**WORK TO BE COMPLETED:** Should the word "Angels" occur in a line of the records, copy that line.

**EXERCISE DATA:**
________

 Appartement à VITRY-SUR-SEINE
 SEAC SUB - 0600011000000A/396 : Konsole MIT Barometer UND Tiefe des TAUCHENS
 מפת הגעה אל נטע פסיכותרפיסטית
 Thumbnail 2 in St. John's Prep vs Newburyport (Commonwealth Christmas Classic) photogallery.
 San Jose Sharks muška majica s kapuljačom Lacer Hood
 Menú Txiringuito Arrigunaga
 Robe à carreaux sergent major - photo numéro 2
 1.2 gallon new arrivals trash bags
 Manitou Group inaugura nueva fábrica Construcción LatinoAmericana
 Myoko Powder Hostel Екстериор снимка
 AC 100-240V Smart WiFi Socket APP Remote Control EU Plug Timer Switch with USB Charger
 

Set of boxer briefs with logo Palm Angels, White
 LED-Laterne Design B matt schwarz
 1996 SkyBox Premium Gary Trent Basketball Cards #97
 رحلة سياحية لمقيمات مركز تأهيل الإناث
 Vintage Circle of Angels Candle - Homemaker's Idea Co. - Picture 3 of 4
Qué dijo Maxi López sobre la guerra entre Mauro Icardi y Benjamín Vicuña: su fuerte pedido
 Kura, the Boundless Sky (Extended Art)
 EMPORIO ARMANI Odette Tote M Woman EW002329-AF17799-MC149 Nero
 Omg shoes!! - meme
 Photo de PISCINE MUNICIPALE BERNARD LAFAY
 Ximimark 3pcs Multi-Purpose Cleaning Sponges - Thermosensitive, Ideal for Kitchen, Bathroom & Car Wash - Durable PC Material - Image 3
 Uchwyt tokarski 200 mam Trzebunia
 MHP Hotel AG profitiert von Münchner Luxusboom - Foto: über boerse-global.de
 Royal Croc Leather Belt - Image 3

________

**ANSWER FOR THE TASK:**
Set of boxer briefs with logo Palm Angels, White
 Vintage Circle of Angels Candle - Homemaker's Idea Co. - Picture 3 of 4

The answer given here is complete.